In a sense, anything that can explain virtually everything ends up explaining nothing—or at least very little. To begin with, one partner’s definition of control can vary substantially from the other’s. But the main problem here is that the root of a couple’s difficulties might better be explained in other, far more revealing, ways.

For instance, what might it be about a partner’s behavior that actually makes the other anxious—and so prompts them to react “controllingly”? Or, what language might trigger a spouse’s “controlling” anger? And does this occur because almost anyone would find such words demeaning, or because what one partner said (however accidentally) reminded the other of disturbing verbal abuse from their past—and so activated never-fully-discharged acrimony from childhood? And so on.

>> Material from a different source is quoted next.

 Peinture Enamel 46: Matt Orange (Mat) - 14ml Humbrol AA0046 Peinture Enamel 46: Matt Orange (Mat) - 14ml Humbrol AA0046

What would happen if you were to recognize that your partner’s seemingly mean-spirited intent to control you might actually relate to their needing to quell in themselves such troublesome emotions as anxiety, grief, guilt, regret, shame, or hopelessness (emotions that, unwittingly, you provoked in them)? Would not such insight change the whole situation by enabling you to approach them differently?—in a self-respecting, yet more compassionate, manner? For in this scenario you’d simply ask them about their (assumedly, unintended) hurtful behavior—rather than attack them for it, or archly defend yourself from their outburst. Or, sulking (or maybe steaming!), abruptly remove yourself from them.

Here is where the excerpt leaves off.